Equilibrium — when supply equals demand — or disequilibrium, the opposite, of course, can exist in either the capital markets or in the goods markets.
Fred Crowley, senior instructor at the College of Business at the University of Colorado at Colorado Springs, was the keynote speaker at an Artemis luncheon on Monday at the Penrose Library.
Crowley gave his anybody-can-understand-economics spiel: What happens in the capital markets, he asked, when funds desired by borrowers exceed funds lenders are willing to provide? And in the goods markets, what happens if items from sellers exceed consumers’ needs, or vice versa?
Well, by the time the Federal Reserve (slow behemoth that it can be) started lowering the 5.25 percent interest rate during August 2007 to unfreeze the capital markets, it was, shall we say, a little weensy bit late.
In the interim, they continued to lower interest rates — until they couldn’t go any lower — during December, when the rates went to zero percent.
“Money is free,” Crowley said, to much laughter.
And, during 2000 in Colorado, only 1 percent to 1.75 percent of mortgages were interest only.
By 2005, that percentage had skyrocketed to 35 percent to 40 percent — making Colorado No. 1 in the country for interest-only mortgages — “It’s important to be No. 1,” Crowley said with his famous smirk.
“If I have an interest-only mortgage (or adjustable rate mortgage), what do I know is going to happen next year?” he asked. “My interest rate is going to go up.” (And it won’t be a pretty sight.)
While interest rates have been “adjusting” (rising) on mortgages, housing prices have been dropping.
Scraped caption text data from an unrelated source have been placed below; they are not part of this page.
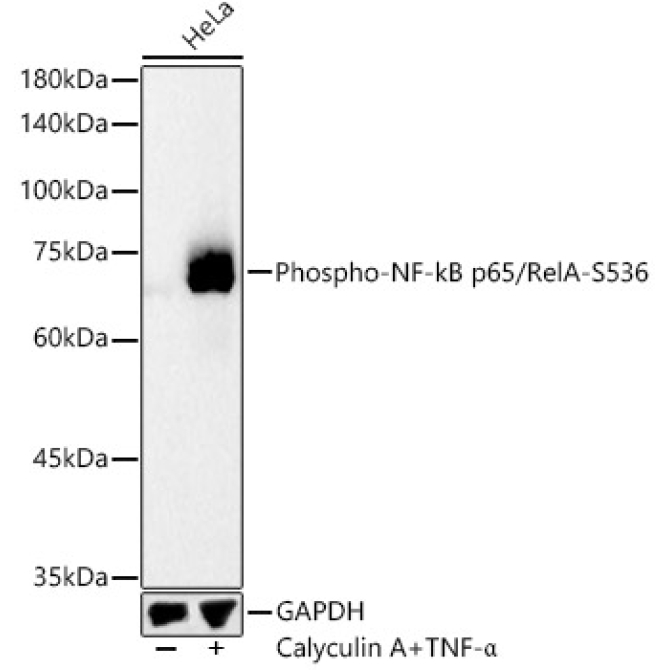 Phospho-NF-kB p65/RelA-S536 Rabbit Polyclonal Antibody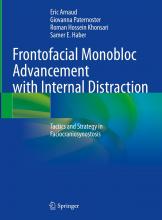 The cover of Frontofacial Monobloc Advancement with Internal Distraction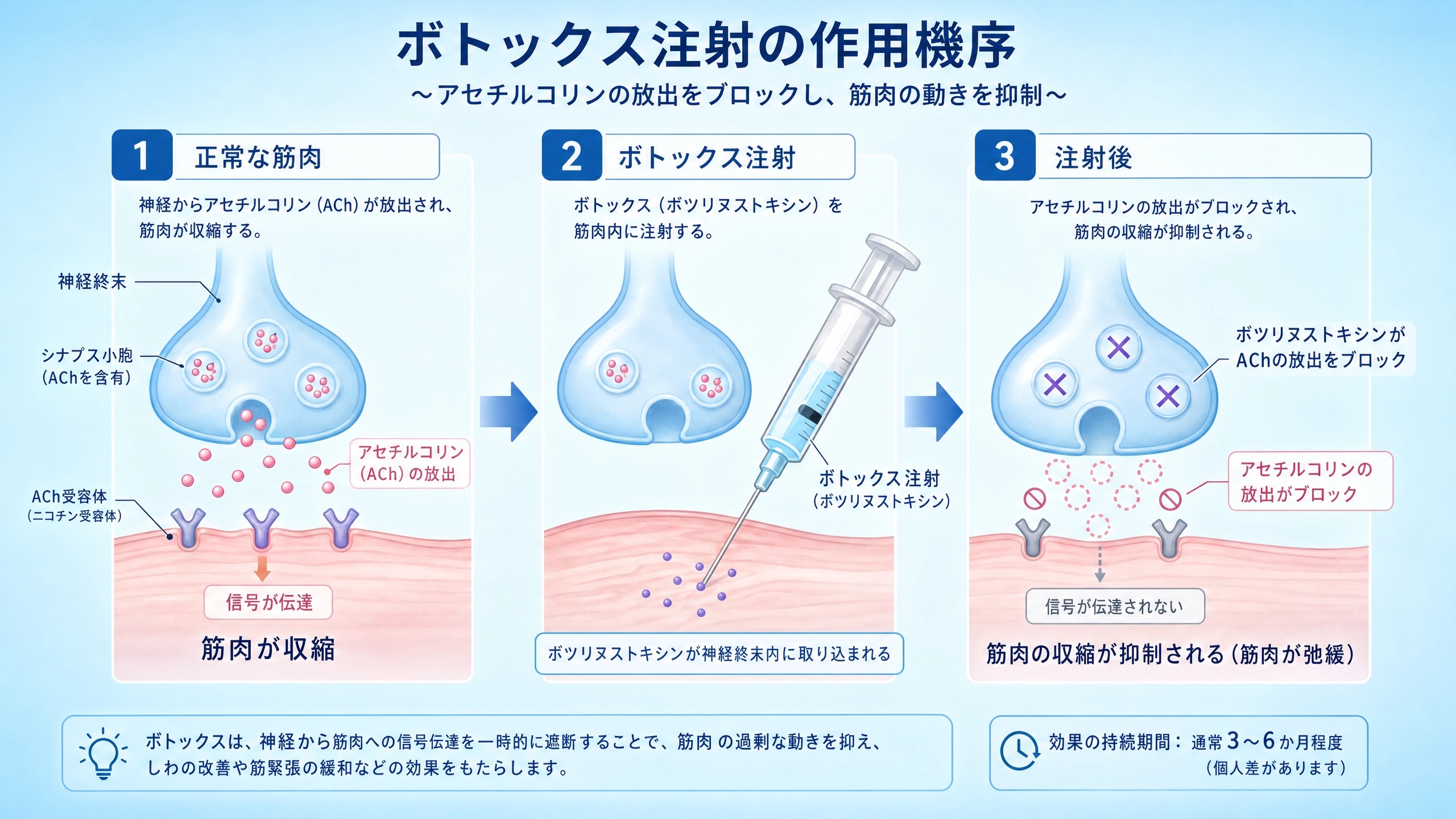 ボトックス注射の作用機序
But here’s yet another reason to be grateful for living in Colorado Springs: “During the last 18 months in Phoenix, the typical house (price) dropped 40.56 percent!” he said.
In Denver, during the same time period, “typical house prices” dropped 8.01 percent.
Here’s the good news. In Colorado, “we’re at the front end and moving out” as default rates are declining, including in El Paso County.
Next, Crowley gave his lesson about “learning in two minutes” how to identify a recession.
“How many of you are spending as much money as you were last year?”
No one raised a hand.
“How many of you are spending less?” he asked. “That’s a job that’s not created, transportation that’s not needed, somebody getting fired.”
People spend less because of fear of economic conditions, and unemployment rises and the Feds lower interest rates to stimulate the economy.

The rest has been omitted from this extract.